The following information is according to USEF rules and guidelines. If you’re showing outside of the United States, consult your national federation’s rulebook. Check your local circuit’s rules as well, as they may differ.

Bridles and Bits
Regular snaffle, pelham, and full bridles — all with cavesson nosebands — are hunter-approved. Illegal? Drop nosebands, flashes, and figure eights.

While dee-ring snaffles are the most commonly seen bit type in the hunter ring, plenty of other styles are perfectly legal. Feel free to use pelham bits, eggbutts, loose rings, and full-cheek snaffles — but gags (except hunter gags), hackamores, three-ring bits, et cetera are illegal. Note that the use of the phrase “et cetera” is actually in the rulebook, so it’s best to steer clear of most leverage bits besides pelhams. If you’re unsure about any tack, ask the show steward.
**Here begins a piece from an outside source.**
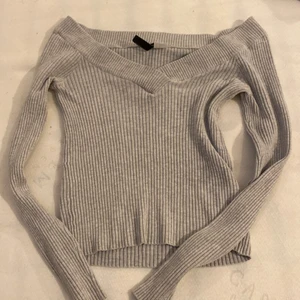 Hm tröja - En grå tröja som jag faktiskt aldrig haft på mig utan bara blivigt tvättad ganska inne nu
For bit mouthpieces, just about anything goes. Single-jointed, double-jointed, rollers, twisted wires, French links, lozenges, Dr. Bristols, Waterfords, mullen mouths, corkscrews, and so many more styles…. all legal. If it’s a snaffle bit, go for it.

A word of caution: Just because a bit, bridle, or other piece of tack is legal, it doesn’t mean that its use can’t affect your placings. Judges may penalize riders for “unconventional” tack such as kimberwickes, hunter gags, hackamores, and bits with hooks or slots for fixed reins. Note that some judges don’t like converters on pelhams as well.

For non-side-saddle hunter classes, there is no mention of any kind of saddle requirements or restrictions in the rulebook. You are free to pick the saddle that suits you and your horse best, and in any color. Black tack is legal! No rules regarding decorative adornment exist either, so blingy saddles and bridles are completely legal. Though, again, judges may look askance at tack that looks unconventional for the ring. Turnout can factor into judges’ placings, so if ribbons are important to you, use caution — and try to blend in. Be a lemming.

Saddle Pads
There are zero rules regarding saddle pads for hunters. So, technically speaking, any color, material, or style is legal. While you can do your own thing if you wish, conservative is typically best. Most commonly seen are white fleece or sheepskin shaped pads, or white number-holder pads on some breed circuits. If you choose to use anything outside of those styles, be forewarned that you’re going to stand out — likely in a bad way.

If you haven’t shown in the hunter ring in a while, it may surprise you to learn that running martingales are explicitly legal in over fences classes. Standing martingales are still most commonly seen, though, and are also legal. Any other kind of martingale besides standing or running is grounds for elimination.

In flat/hack classes, no martingales are allowed.

Boots and Wraps
Don’t even think about it (unless there’s a torrential downpour, and then show management may allow bell boots).

Other Equipment
Leave your horse’s nasal strips at homes (or maybe take up eventing). For whips, let it be non-weighted and 30 inches long or less, and you’re golden.

And, for the love of all that is holy and horsey, don’t tie your feet to your stirrups or leathers in any manner. Not only is it illegal, but it’s also unsafe!